Data below:

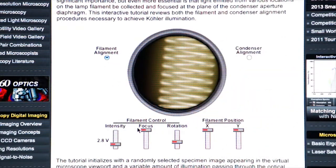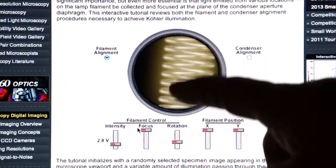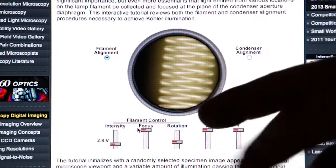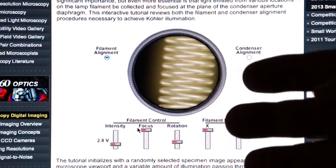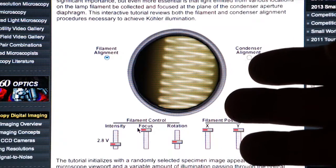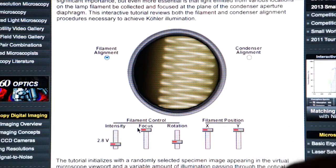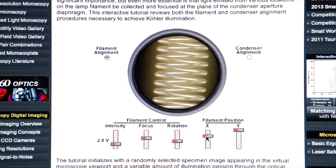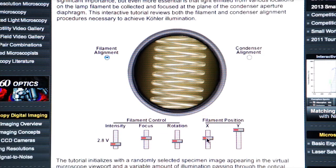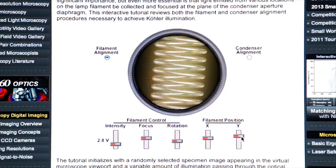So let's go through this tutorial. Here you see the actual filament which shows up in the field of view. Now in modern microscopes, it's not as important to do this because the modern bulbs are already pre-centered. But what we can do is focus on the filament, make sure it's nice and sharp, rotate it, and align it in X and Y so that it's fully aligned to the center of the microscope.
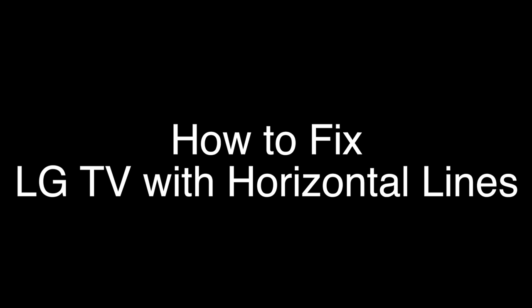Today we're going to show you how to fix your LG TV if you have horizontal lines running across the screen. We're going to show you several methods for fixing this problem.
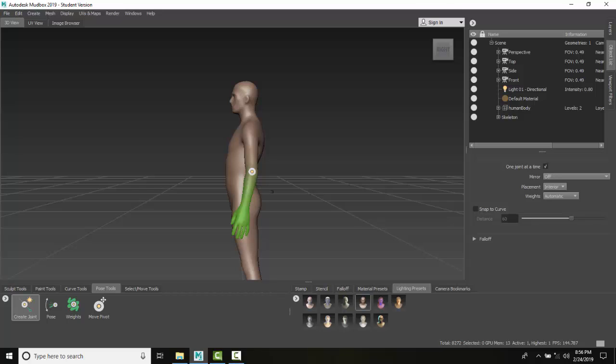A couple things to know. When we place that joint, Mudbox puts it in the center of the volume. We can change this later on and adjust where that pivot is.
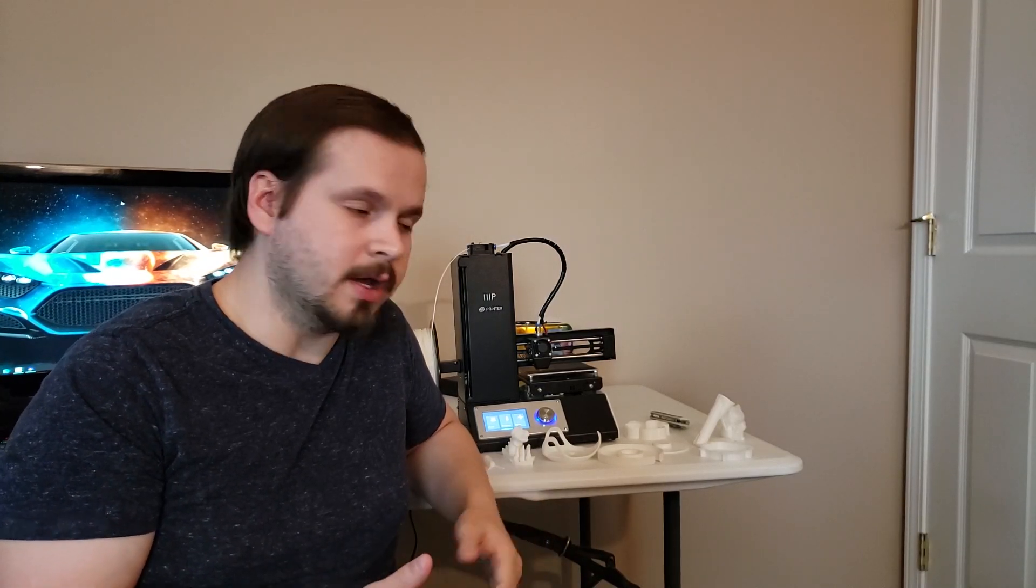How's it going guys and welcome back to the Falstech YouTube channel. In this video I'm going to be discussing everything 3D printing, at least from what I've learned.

Assigned task: After locating the line with "A couple things", transcribe it and the rest of the data above exactly as written, without any picture.

Task answer:
A couple things to know. When we place that joint, Mudbox puts it in the center of the volume. We can change this later on and adjust where that pivot is.
How's it going guys and welcome back to the Falstech YouTube channel. In this video I'm going to be discussing everything 3D printing, at least from what I've learned.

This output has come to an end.